In spanish when a word ends with a vowel and the next word starts with the same vowel then while pronouncing you merge it
So "una arana" would sound "unarana"
yeah, I know. Is this normal for it to sound like that, or is it just the robot tripping us up?
It is normal to smoosh the vowels into a slightly elongated sound like that. You just have to remember that when a word ends in -a, it is usually feminine, especially in the early lessons.
what if its a male spider? we always use Una (feminine gender) for araña? like there is gato (male cat) and gata (female cat) what about other animals?
Una araña is always used regardless its gender, "un araña" doesn't exist.
Un caballo (a horse) is always male. A 'female horse' is called "Yegua".
La vaca, el toro (the cow, the bull).
I don't know what about you guys, but I rarely look if it is a male spider or a female spider when I see it.

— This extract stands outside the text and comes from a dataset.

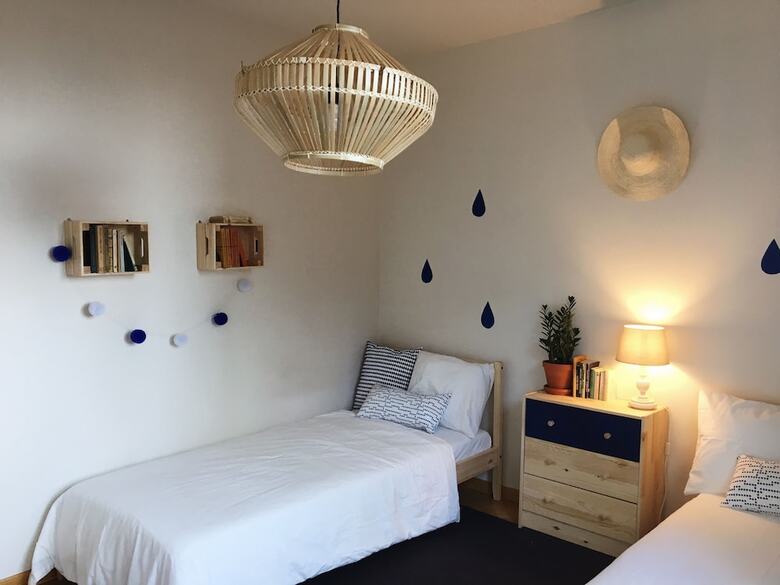 Apartamentos Lucka Rooms - Hey Jude B24.7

I can immediately tell with a black widow. Also with the green spider on my windowsill that was so pregnant, her back legs could not touch the sill. Bleccch!
I just read a rule saying that if a feminine noun starts with 'a'm then the article associated with it should be 'el' or 'un'. Why isn't this rule followed here?
I did a bit more investigation on this. It turns out that the change to "el" and "un" happen only if the first syllable of the noun has the pronunciational accent. So, we get el agua/la araña, un águila/una audiencia, and so on.
Note also that the plural form is always "las" for feminine nouns, because the ending -s breaks up the series of vowels: Las aguas, las almas, etc. An intervening adjective can break it up, too: La pura agua.
Thanks, that's a very subtle distinction!
Oh gosh scary. Scary. I just saw a spider in my room and crushed it. I don't need to flare up my paranoia
In a previous question, "the water" came up and despite people thinking that because water (agua) is feminine and should be "la agua" it's not (el agua). A reason for this was given by another user that it's to do with the sound of a word ending with 'a' and starting with it (a apple vs an apple) why is the same not true here? :(
From what I can tell if a word ends in "a" the word describing it (una/la) will be feminine
Un is masculine and una is feminine. I believe they both mean a or an. Its according to your sentence in English. In English would you say, a apple or an apple? I don't think this matters in Spanish; as long as you use the correct gender. Correct me if I am wrong anyone.
How do I translate the sentence "This male spider is the last of it's species still alive" in Spanish?
"Esta araña macho es el último de la misma de las especies sigue vivo." Macho means male or masculine.
Okay I get it but how do I write "The male spider"? Do I write "La macho arana"?
To everyone who thought "una arana" sounded like "un naranja": I'm pretty sure you would not be learning how to say "an orange" in the animals section.
Well, the translation it gave me was spider or scratch, so why wasn't scratch right?